Students from Coeur d'Alene and Lake City high schools met in the LCHS commons after school Friday to gather blankets, clothing, toiletries and other items they collected during their 2024 All for Awl campaign to deliver them to nonprofits throughout the community.
CHS senior and ASB secretary Jenny Elliott said she felt an overwhelming amount of joy knowing she and her peers were helping local human beings in need.
"It's really cool we come together," she said. "Even though we're rivals, we can come together."
CHS senior and ASB President Andi Jane Howard said her school's largest drive was for clothing.
"We got five or six big garbage bags full of clothes, and we got a lot of pet donations for Companions Animal Center, so that was really cool," she said. "Those two drives were super successful."
CHS sophomores also donated money to Press Christmas for All, Howard said.
"It was fun to do it after Christmas, too, because everybody's still in that spirit of giving back after the holidays," Howard said. "That was fun."
LCHS treasurer Nathan Edmonds said the All for Awl program is cool because it demonstrates the concept of unity between the two high schools.
"It's both high schools in Coeur d'Alene working for the benefit of Coeur d'Alene," he said. "Them coming here and delivering with us is a really great example of that."

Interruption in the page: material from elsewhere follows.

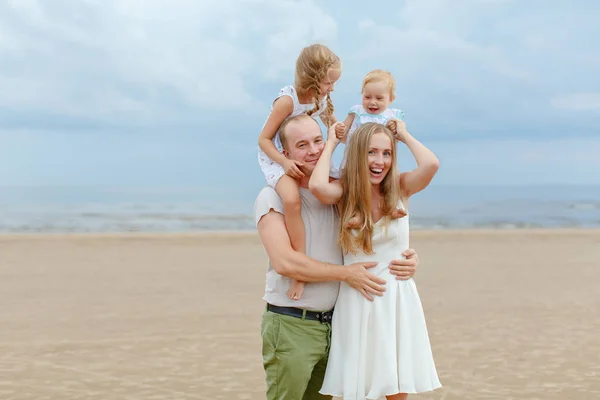 Mãe, pai e duas filhas adoráveis vão ao longo da praia no s — Fotografia de Stock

The All for Awl campaign operates in conjunction with Fight for the Fish, the annual January school spirit battle/basketball tournament in which both schools vie for victory. The "AWL" acronym was first conceived as "All With Love" when the program began in 2020, but has taken on a new life as All for Awl, representing Coeur d'Alene's "heart of the awl" translation from French.
"All for Awl this year was a little later than it normally is, but that just extended the community and all our good feelings with CHS," said LCHS senior Ashley Kerns, ASB vice president. "It just extended that communication with them."
LCHS ASB President Luke Sharon said he and his peers are happy the All for Awl tradition has continued.
"It's really hard sometimes to start a tradition that is of this capacity," he said. "Having it continue, even through four, five years, is still pretty significant. We just want to continue that spirit of Fight for the Fish. Yeah, we are competing in Fight for the Fish, but ultimately we're coming together and this is the culmination of everything."